Individual Work Blog
Date: April 5, 2009
To: Professor Tirrell
From: Zebulon Rouse, Group 7
Subject: Individual Activity Report 1
This report is the summary of the progress toward the White Paper project, starting from the initial date (March 30) to today (April 5).
Throughout this week, I have sent out an email initiating the communication process among the group. From that point we had submitted topics which we were interested in.
After the topic was voted on (Smart Phones) we all split up the work into individual portions. The portions were elected on who was available to write this week.

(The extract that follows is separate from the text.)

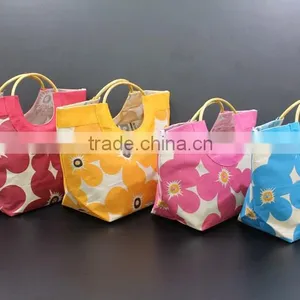 Designer Floral Print Juco Beach Bag With Wooden Cane Handle thumbnail-4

My part this week was writing the group activity report. Following the completion of the report, I posted it on an account on Microsoft live, which Emil had set up earlier this week. After posting the report the rest of the group made their revisions and responded via email to tell me that it met their standards. Then I posted it on the course webpage.
Also I had written a portion for the proposal covering part of the research. I then sent it to Joey, so he could add it in with the other written parts of the proposal.
Later that day we had confusion among who was going to turn in the Proposal so I elected myself to submit the Proposal that was stored in the common space (Microsoft Live), to meet the due date.
From this week I am going to suggest to our group that we need to communicate better amongst ourselves.
re: Week 12 - Individual Activity Report - Rouse
There are some good specifics in this, but you'll want to explicate statements such as "From that point we had submitted topics which we were interested in." What did you submit? Also, I like that you close by anticipating what you will do next week, but you should provide specifics about how you will help the group communicate. Concrete contributions should be your focus, because they reveal what you individually added to the project. This is important, because your group mates will be reviewing these blogs later as a record of your value to the group.
Also, you don't need the header. I know it's used on the example we provided, but that was an emailed memo. Here it's unnecessary.